Upon release in North America, three GameFan reviewers each scored it 90 out of 100; all three praised the storyline, puzzles, dungeons, graphics, and soundtrack. GamePro praised the game's heavy puzzle element, but criticized that the battles are easy, the graphics are subpar, and the music and sound effects are boringly generic. He concluded that the game is unexceptional, and in particular pales against the recently released Super Mario RPG, but makes a decent holdover for gamers waiting for the next great RPG.

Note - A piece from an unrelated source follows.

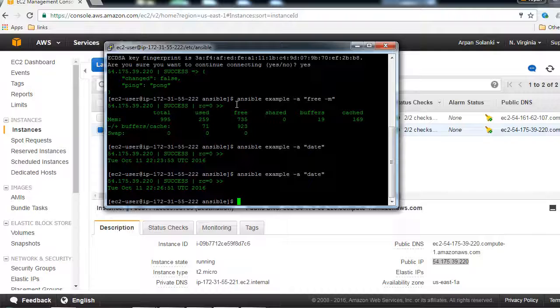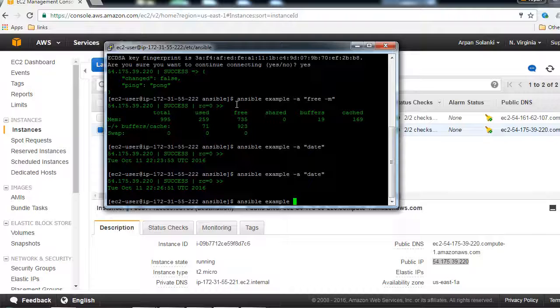Now if we want to check, let's say, free memory on that host group or the machine in that group, then I'm going to type ansible example -a "free -m".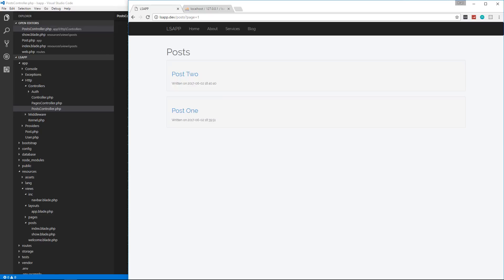In the next video, what I want to do is start to work on the form so that we can actually add posts through our application. So sit tight. I might have to upload the next video tomorrow. So don't worry. That will be the next thing that's uploaded. I'm not going to go off and do something else and come back in a week. So don't worry about that. So let me know if you guys are liking the series and I will see you in the next video.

Retrospectively, Corbie Dillard of Nintendo Life praised the "unique visual stylings, the efficient turn-based combat system and the beautifully orchestrated soundtrack", and called it one of the best RPG games for Super Nintendo console. IGN ranked Lufia II: Rise of the Sinistrals 34th on their "Top 100 SNES Games of All Time".

Aggregate score
| Aggregator | Score |
|---|---|
| GameRankings | 80% |

Review scores
| Publication | Score |
|---|---|
| Famitsu | 30/40 10/10 |
| GameFan | 270/300 |
| Nintendo Life | 9/10 |
| RPGamer | 4/5 |
| RPGFan | 85% |

==Nintendo DS remake==

An action-RPG remake of Lufia II for the Nintendo DS was developed by Neverland, with much of the staff of Lufia II involved in the project, and released in 2010. As in the original game, it features dungeons that focus heavily on puzzle-solving, but unlike the original, the gameplay is now oriented towards action, with the player controlling Maxim directly in battle and switching between characters by tapping his or her portrait on the bottom screen. The story also differs heavily in many points and received several additions.